The idea of ‘world literature’ or weltliteratur is something Johann Goethe discusses in his conversations with John Peter Eckermann. He thinks of this as the epoch that came with the rise of the nation state in nineteenth century Germany. For Goethe, one could read and digest what was from ‘out there’ even as he knew that one should always come ‘home’. As he said:
While we thus value what is foreign, we must not bind ourselves to anything in particular, and regard it as a model. We must not give this value to the Chinese, or the Serbians, or Calderon, or the Nibelungen; but if we really want a pattern, we must always return to the ancient Greeks, in whose works the beauty of mankind is constantly represented.
The Greeks are the oft-told origin of ‘the West’. But they are still only one part of ‘the world’ and not the mythic basis for a world literature in a true sense. My world literature reads the classics as the literary expression of the true consciousness of world historical spirit.
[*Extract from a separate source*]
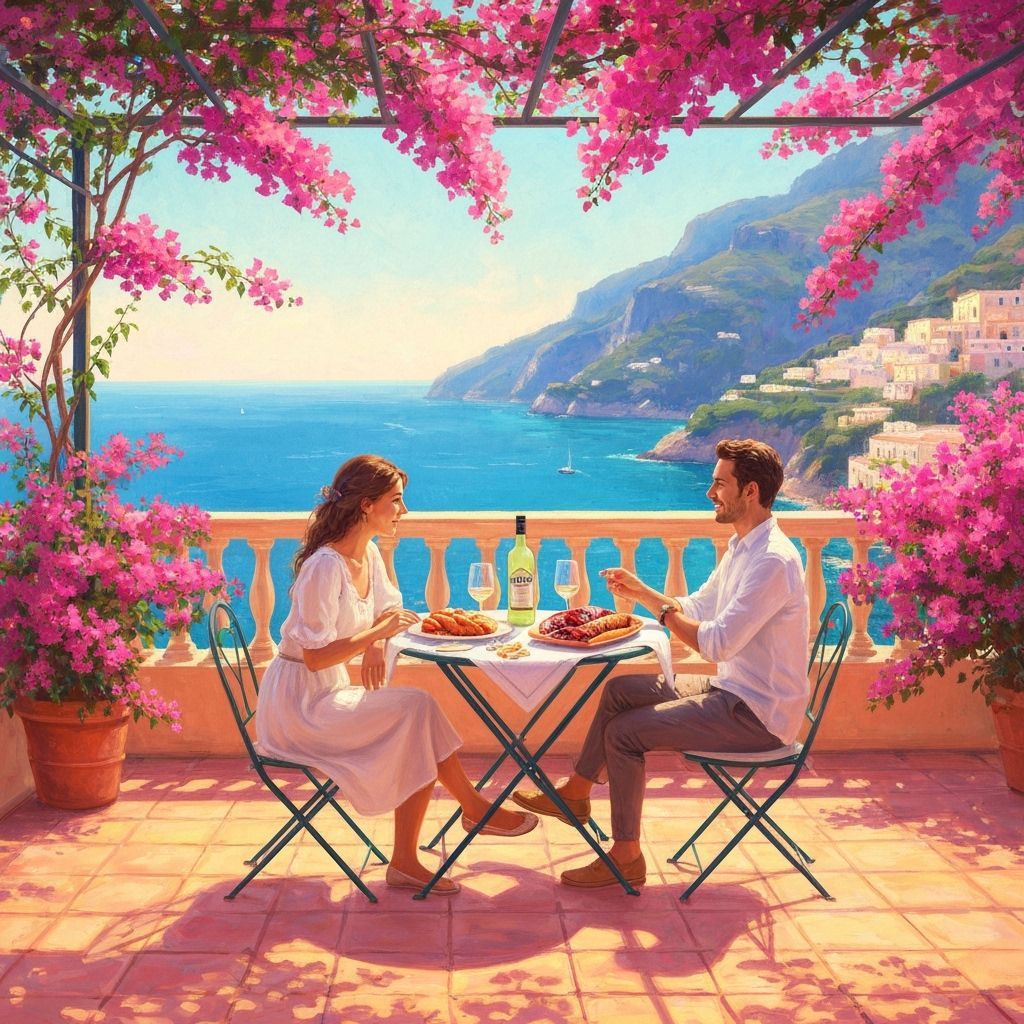 Amalfi Coast Terrace in Impressionist Style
It offers enlightenment and is, in others words, a type of tarruru. That might not come in any single origin story, or group of people, but in the eternal questions that come from looking more deeply in the library that has books from everywhere and everywhen.
This is about that universal library, about the books that have kept me company as I emerged from the chrysalis of writerly reluctance into someone who believes in the enduring value of books. It is about replying to the classics, to tradition, to world literature. It is about writing back to the books I read on my way to becoming the writer I secretly wanted to be when I placed that self-published book on the shelf next to Jane Austen and Germaine Greer, Judith Butler and Virginia Woolf, Sappho and Maya Angelou. It is about coming to terms with the heaviness of those shelves, about realising that history is liberating, about being thankful for the task of translating thought to text in the hope that we can make one person’s life better, if not forever then at least for a minute. That is the hope of these books that I share with you now, which have given me so much pleasure over the years.